### What to produce
Reproduce the listing exactly. Omit pictures.

### Recorded information
•••

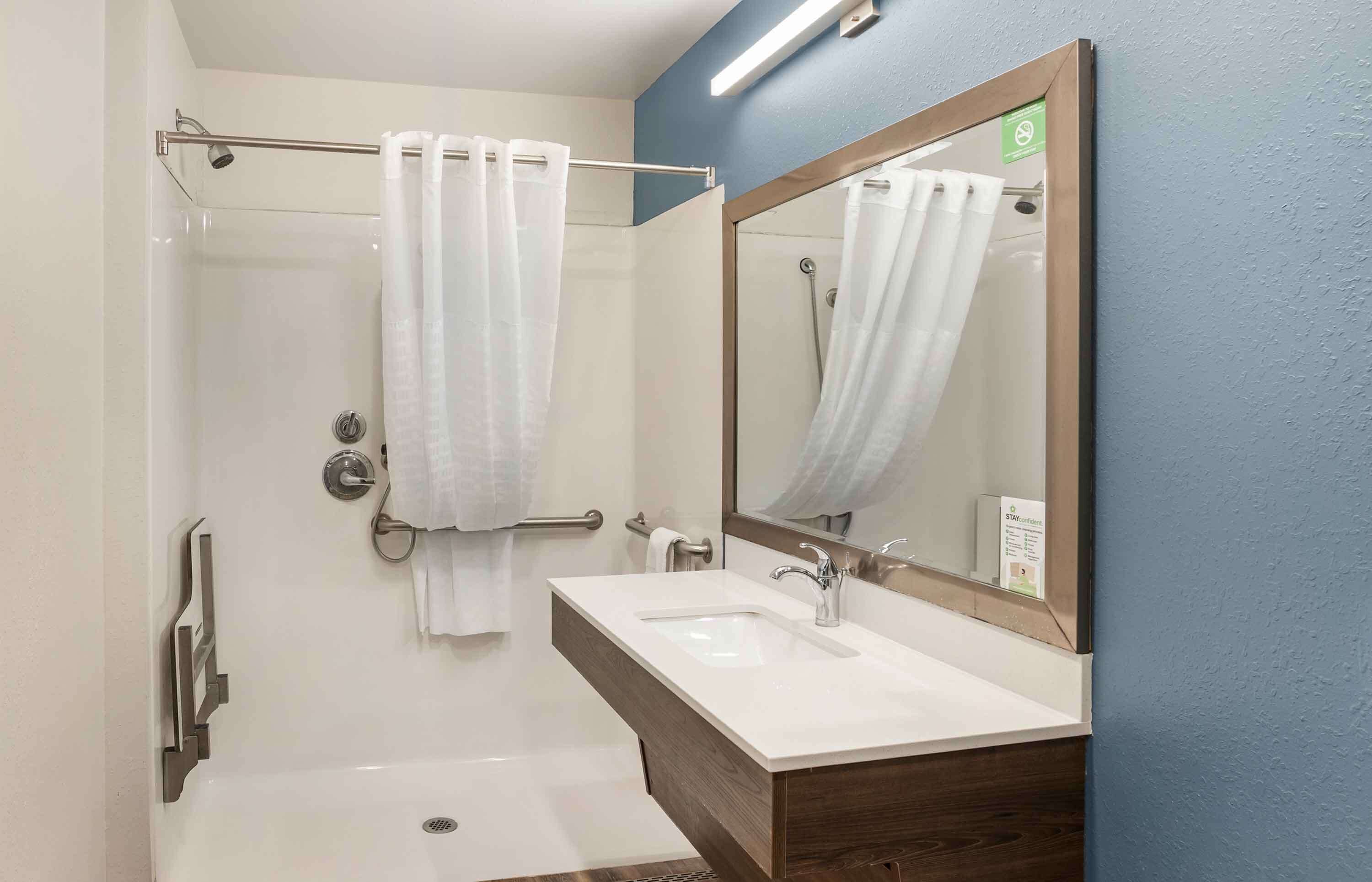 A modern bathroom with a shower, a sink, and a mirror.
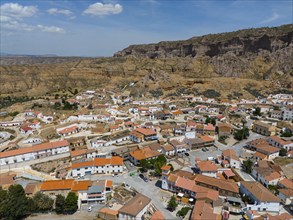 Small village with white houses and red roofs in a rocky hilly landscape under a blue sky, aerial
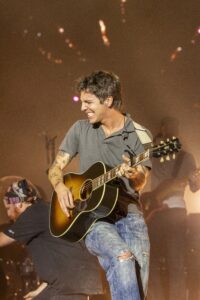 Male guitarist smiling while playing an acoustic guitar on stage during a concert, warm lights in the background.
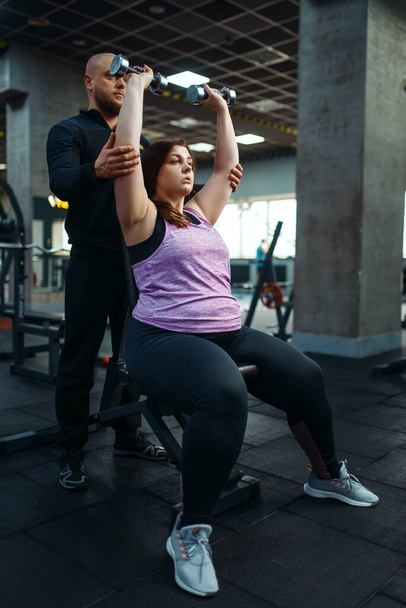 Nadwaga kobieta z trenerem robi ćwiczenia z hantlami w klubie sportowym, trening fitness z instruktorem. Kobieta zmaga się z nadwagą, trening tlenowy przeciwko otyłości, siłownia - Zdjęcie, obraz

•••

### Result of the exercise
 A modern bathroom with a shower, a sink, and a mirror.
 Small village with white houses and red roofs in a rocky hilly landscape under a blue sky, aerial
 Male guitarist smiling while playing an acoustic guitar on stage during a concert, warm lights in the background.
 Nadwaga kobieta z trenerem robi ćwiczenia z hantlami w klubie sportowym, trening fitness z instruktorem. Kobieta zmaga się z nadwagą, trening tlenowy przeciwko otyłości, siłownia - Zdjęcie, obraz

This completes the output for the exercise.